Plötzlich hatte ich einen Plan. Am freien Nachmittag fuhr ich zur oberen Bahnhofstrasse und stand dort vor dem britischen Konsulat. Sollte ich? Doch, ich ging hinauf und läutete an der Tür im ersten Stock. Ich erzählte, was ich wusste und was mich bedrückte und ging mit einem Auftrag nach Hause. Wieder war ich ruhig. Es gab etwas zu tun. Die gute Familie nahm mich noch ein paar Mal mit ins Kulturhaus und ich hörte genau hin, bevor wir Kinder im grossen Garten spielen gingen. Auch dort merkte ich mir die Namen, vor allem der Schweizer. Danach erfolgte die Berichterstattung auf dem Konsulat.

Nun erhielt ich (bis Kriegsende) ein Nachrichtenblatt, regelmässig, in neutralem Umschlag. (Wie später den Kreis, unauffällig.) Da standen andere Dinge, illustriert mit anderen Bildern als in der NZZ. Sehr spannend. Bis zum Sommer 1942, als ein Bericht über Auschwitz erschien. Mit Bildern, "erhalten vom polnischen Widerstand". Ich, damals 12jährig, las ihn mehrmals, fassungslos. Dann zerriss ich das Heftchen in kleine Stücke, warf sie in die Toilette und spülte. Aber jedes Detail blieb zurück, messerscharf eingeritzt. Das war viel schlimmer als Schmerz und Weinen. Es zerbrach etwas tief innen. Ganz geworden ist es nie mehr.

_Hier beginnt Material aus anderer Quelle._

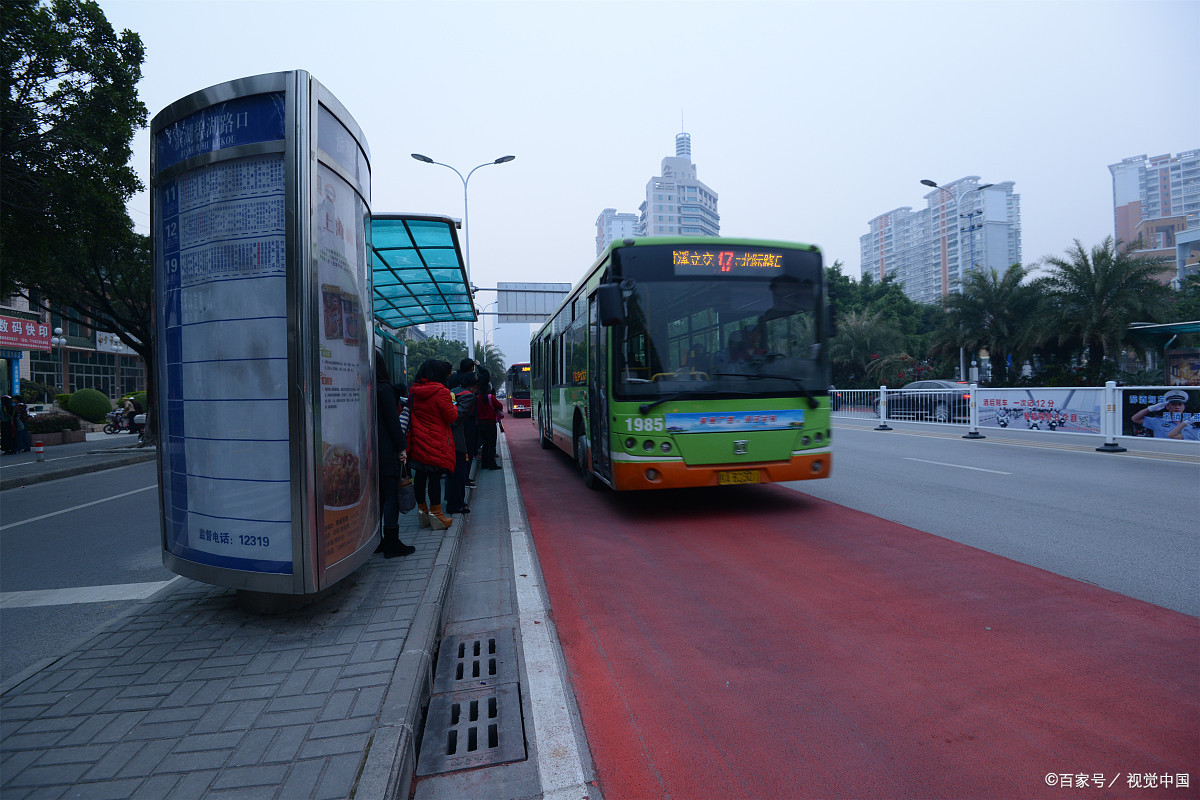 南宁公交车,如今乘坐的人越来越少了,对此大家怎么看?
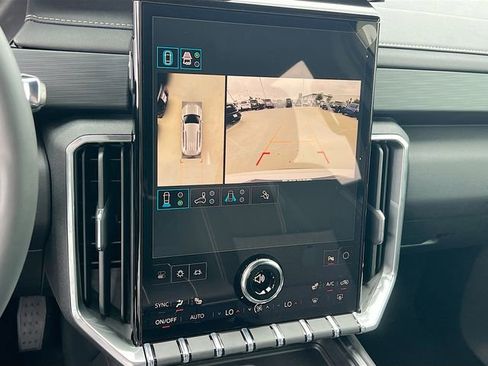 New 2026 GMC Acadia Elevation image 9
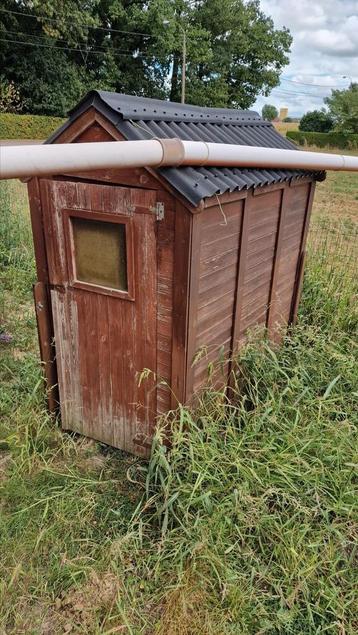 Tuinhuis of kippen kot  beschikbaar voor biedingen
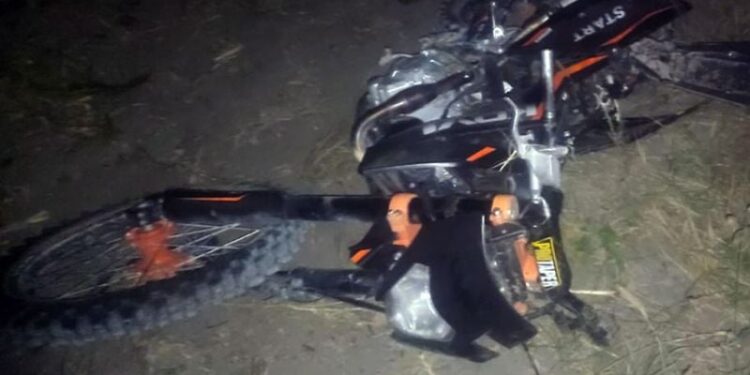 На Шепетівщині мотоцикліст влетів у дерево: він загинув, його пасажир в лікарні —Хмельнитчина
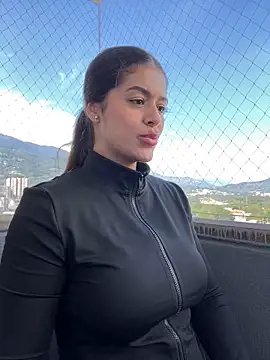 Snapshot of MelissaWaltton chatting on 03-17-25, 08:19 MelissaWaltton online show from 03-17-25, 08:19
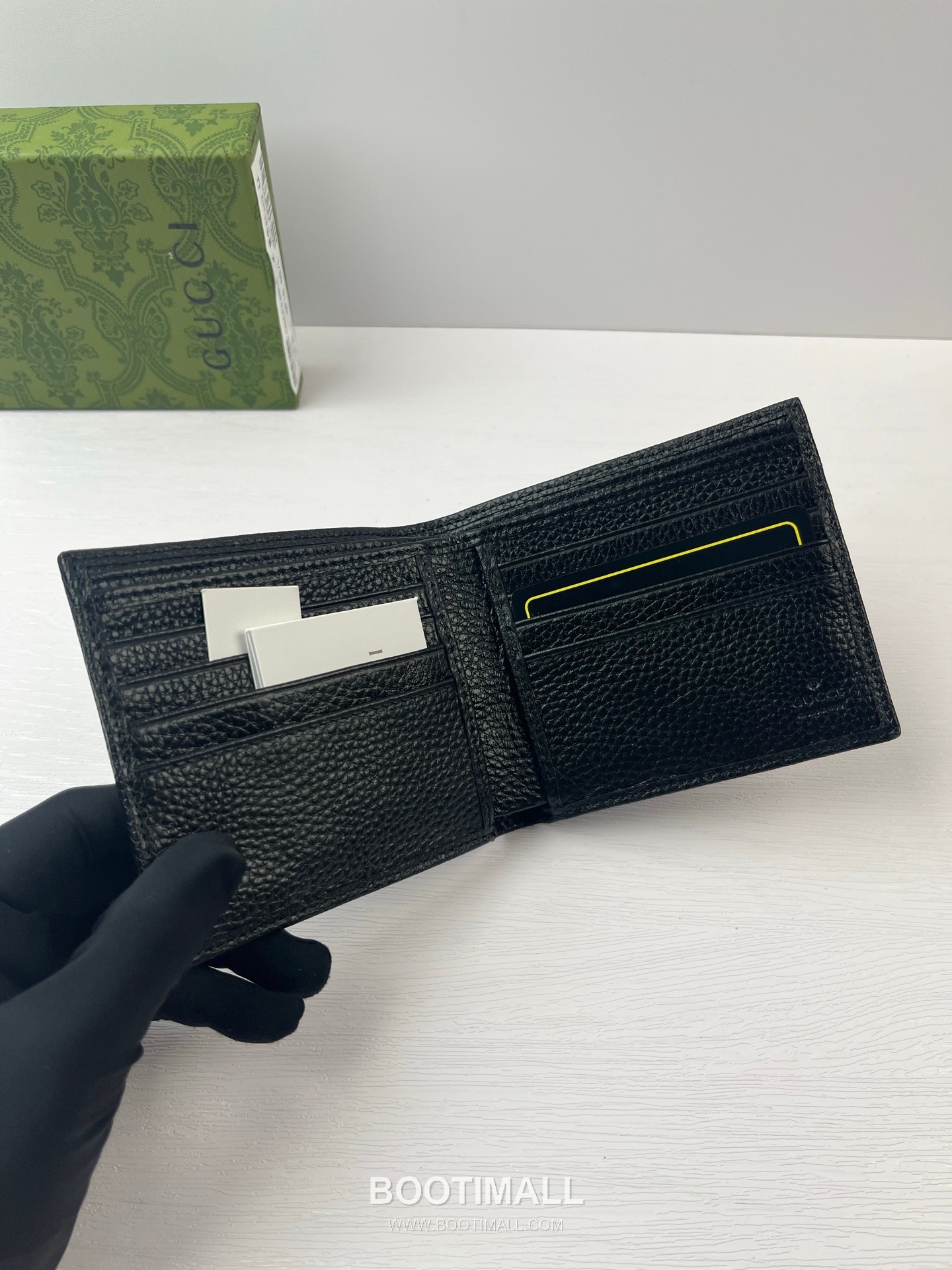 Gucci GG Calfskin Leather Bi-Fold Wallet with Logo Detail 구찌 GG 카프스킨 레더 바이폴드 반지갑 6818 11cm 6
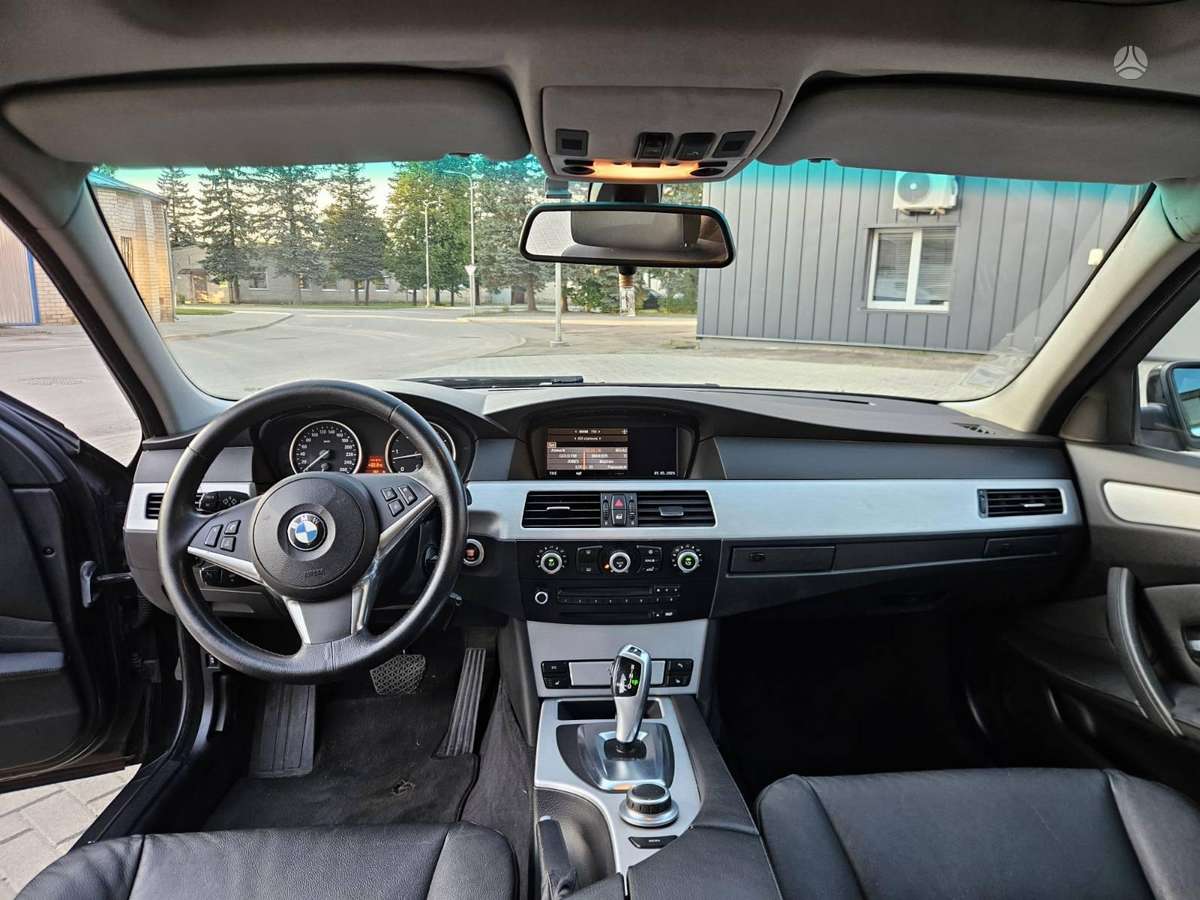 BMW 525, 3.0 l., wagon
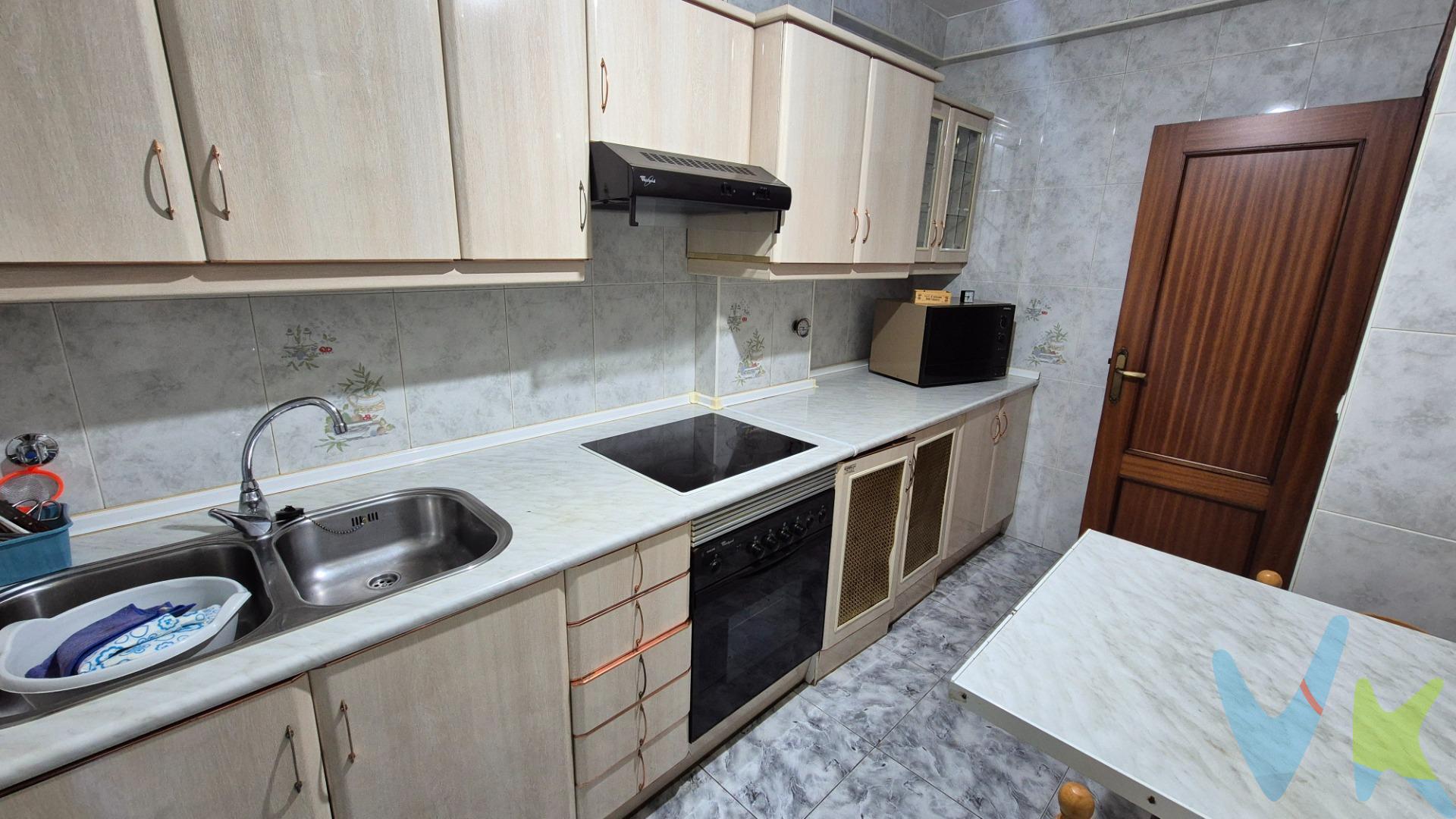 Vivienda ubicada en la primera planta, cuenta con tres habitaciones, baño completo, salón, cocina y una pequeña terraza. La calefacción y ACS es por gas natural. No dispone de ascensor.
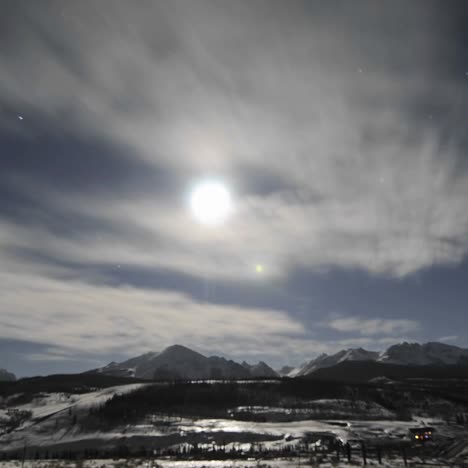 Zeitraffer-Von-Nachthimmelwolken-Und-Vollmond-über-Der-Gore-Range-In-Silverthorne-Colorado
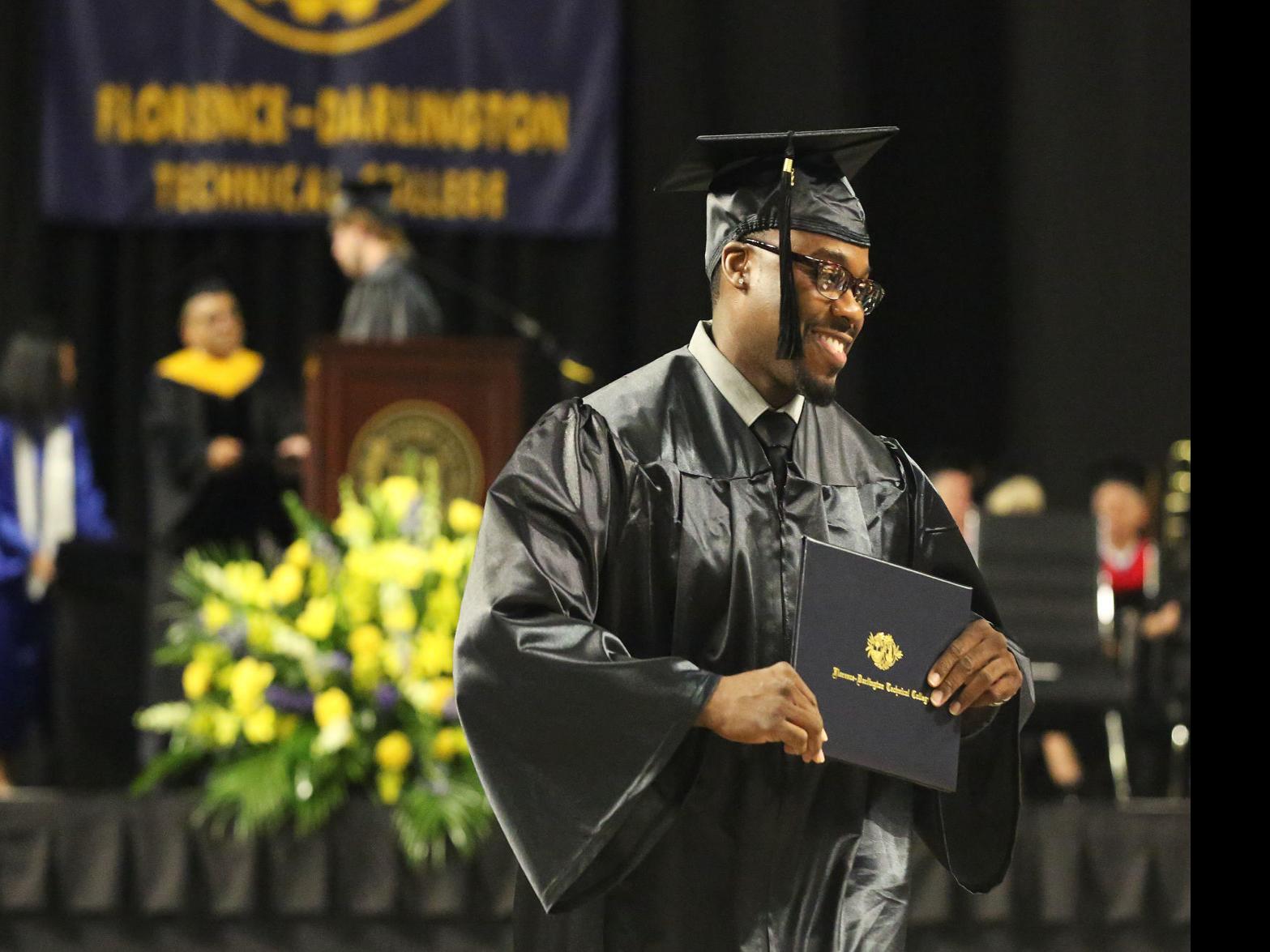 Florence Darlington Tech Awards Nearly 500 Degrees Local News Scnow Com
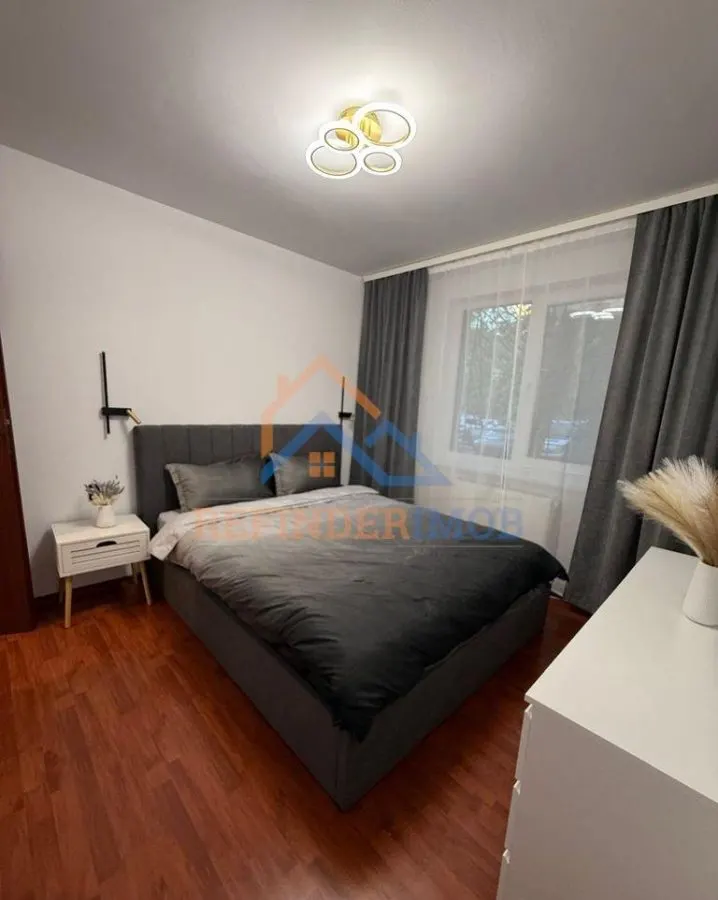 Vanzare apartament 4 camere zona Margeanului-Dumbrava Noua - foto 5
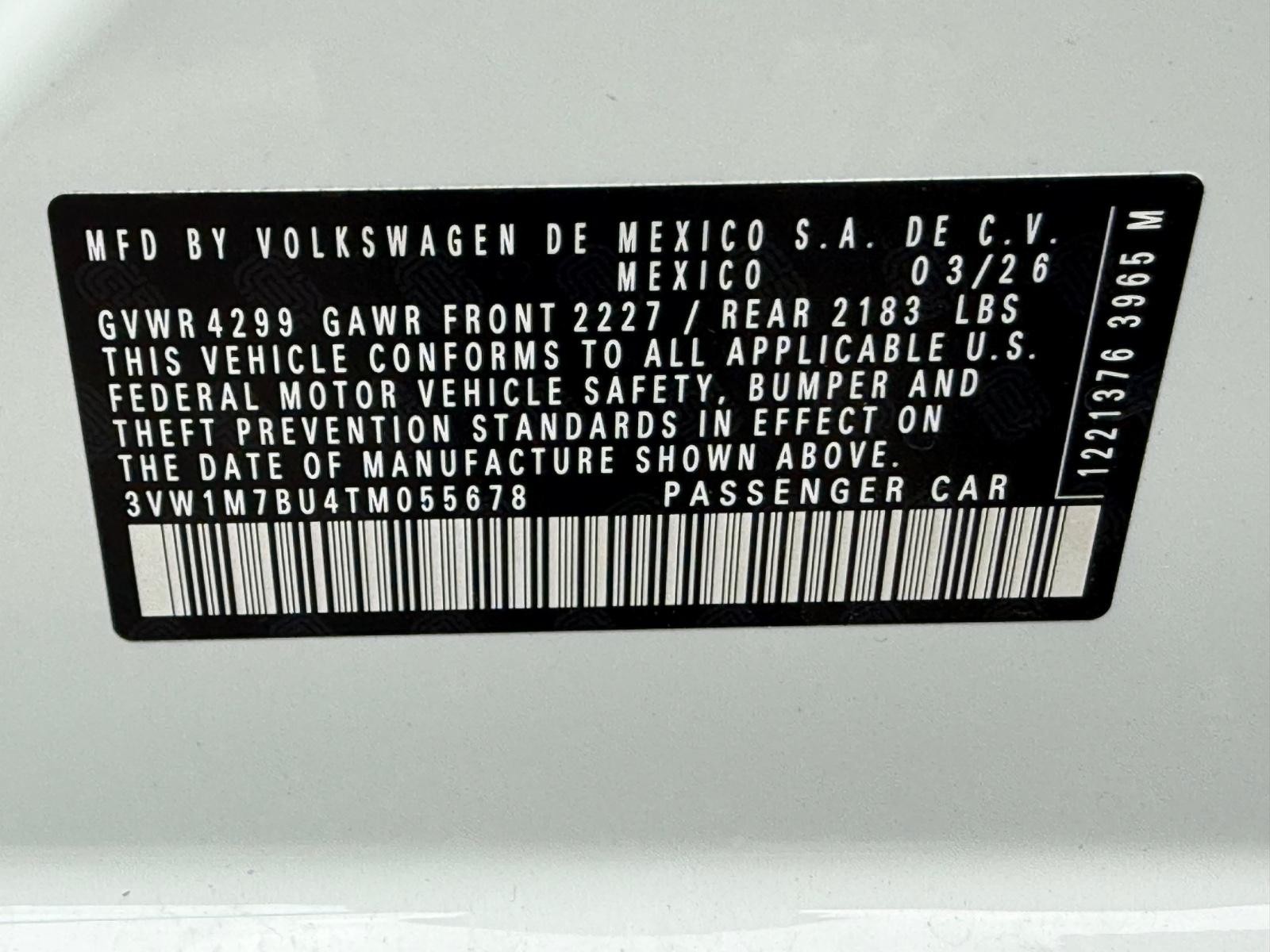 Volkswagen Jetta GLI Vehicle Image 18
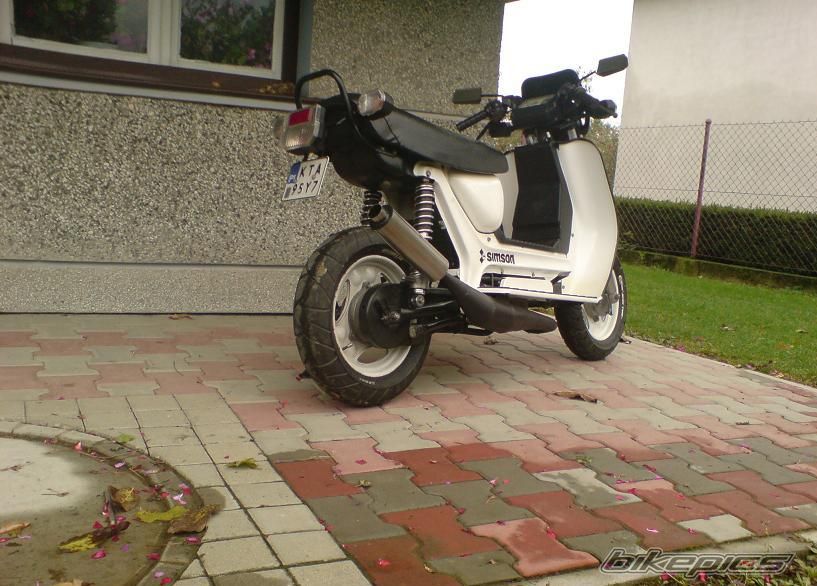 Photo 1852187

Zum Zerbrochenen gehörte auch der Glaube an Gott, wie er mir von Eltern, Schule, von Respektspersonen vermittelt worden war. Wo war dieser Gott? Wo er jetzt, wie in Sodom und Gomorra hätte rächen müssen? Hier ging es doch um sein "auserwähltes Volk".

Die Wahrheit musst du selber finden. Wieder hatte ich ein Geheimnis - zuerst war es nur das Heftchen, jetzt aber war etwas Bleischweres, etwas Verstörendes dazugekommen.